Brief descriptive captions
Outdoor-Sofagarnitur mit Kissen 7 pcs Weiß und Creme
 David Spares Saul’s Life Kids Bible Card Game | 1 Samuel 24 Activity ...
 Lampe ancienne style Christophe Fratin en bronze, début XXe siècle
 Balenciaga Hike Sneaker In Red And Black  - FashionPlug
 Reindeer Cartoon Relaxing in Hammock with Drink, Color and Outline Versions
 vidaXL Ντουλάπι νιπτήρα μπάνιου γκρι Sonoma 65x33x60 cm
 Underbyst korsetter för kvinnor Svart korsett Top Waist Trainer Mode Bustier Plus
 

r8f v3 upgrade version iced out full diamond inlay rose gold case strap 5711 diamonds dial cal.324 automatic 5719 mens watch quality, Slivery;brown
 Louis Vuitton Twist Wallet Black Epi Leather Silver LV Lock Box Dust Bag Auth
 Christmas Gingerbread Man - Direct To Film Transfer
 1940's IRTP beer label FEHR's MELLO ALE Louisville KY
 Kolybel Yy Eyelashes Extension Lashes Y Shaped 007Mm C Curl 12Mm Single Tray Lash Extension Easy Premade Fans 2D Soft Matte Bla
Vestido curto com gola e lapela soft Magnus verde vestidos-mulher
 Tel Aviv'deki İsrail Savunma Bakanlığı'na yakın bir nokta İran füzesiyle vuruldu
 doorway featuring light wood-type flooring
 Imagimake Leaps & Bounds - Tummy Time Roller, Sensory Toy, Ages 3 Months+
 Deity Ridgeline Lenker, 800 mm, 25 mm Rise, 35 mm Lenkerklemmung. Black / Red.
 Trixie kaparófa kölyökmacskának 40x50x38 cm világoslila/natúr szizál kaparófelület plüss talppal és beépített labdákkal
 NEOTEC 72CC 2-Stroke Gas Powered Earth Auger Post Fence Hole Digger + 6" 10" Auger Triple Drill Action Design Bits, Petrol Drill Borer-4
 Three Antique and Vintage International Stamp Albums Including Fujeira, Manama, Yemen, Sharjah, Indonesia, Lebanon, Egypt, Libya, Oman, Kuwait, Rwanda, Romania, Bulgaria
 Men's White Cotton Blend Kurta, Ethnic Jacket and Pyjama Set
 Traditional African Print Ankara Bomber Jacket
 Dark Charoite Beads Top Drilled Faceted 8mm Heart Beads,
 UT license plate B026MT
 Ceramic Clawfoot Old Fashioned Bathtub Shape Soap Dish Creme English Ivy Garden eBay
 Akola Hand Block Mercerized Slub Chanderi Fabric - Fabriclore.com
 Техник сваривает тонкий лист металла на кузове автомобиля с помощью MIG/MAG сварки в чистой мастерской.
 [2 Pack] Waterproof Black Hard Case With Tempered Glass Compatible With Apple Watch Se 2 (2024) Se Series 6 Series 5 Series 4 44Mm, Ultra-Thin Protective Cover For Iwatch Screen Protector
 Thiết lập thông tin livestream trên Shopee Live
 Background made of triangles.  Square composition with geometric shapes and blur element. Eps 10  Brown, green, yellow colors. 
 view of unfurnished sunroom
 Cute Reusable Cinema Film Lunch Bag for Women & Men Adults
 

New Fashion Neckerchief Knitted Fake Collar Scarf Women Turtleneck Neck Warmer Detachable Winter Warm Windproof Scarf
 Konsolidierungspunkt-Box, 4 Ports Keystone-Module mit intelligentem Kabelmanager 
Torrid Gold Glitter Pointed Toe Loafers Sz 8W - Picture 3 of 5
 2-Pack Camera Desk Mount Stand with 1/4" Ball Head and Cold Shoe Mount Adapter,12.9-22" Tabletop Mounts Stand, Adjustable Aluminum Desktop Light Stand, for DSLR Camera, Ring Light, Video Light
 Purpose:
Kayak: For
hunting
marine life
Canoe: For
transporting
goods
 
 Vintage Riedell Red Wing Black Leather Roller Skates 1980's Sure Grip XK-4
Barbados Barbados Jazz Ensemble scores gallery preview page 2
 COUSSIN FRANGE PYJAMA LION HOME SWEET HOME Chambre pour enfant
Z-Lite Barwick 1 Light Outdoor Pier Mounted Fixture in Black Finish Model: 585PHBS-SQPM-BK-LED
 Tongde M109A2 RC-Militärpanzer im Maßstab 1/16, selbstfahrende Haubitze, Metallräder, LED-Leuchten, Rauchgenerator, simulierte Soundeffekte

> **Your instructions**:
Lines holding "Outdoor" in the data above: copy each of them.

> **Written reply**:
Outdoor-Sofagarnitur mit Kissen 7 pcs Weiß und Creme
Z-Lite Barwick 1 Light Outdoor Pier Mounted Fixture in Black Finish Model: 585PHBS-SQPM-BK-LED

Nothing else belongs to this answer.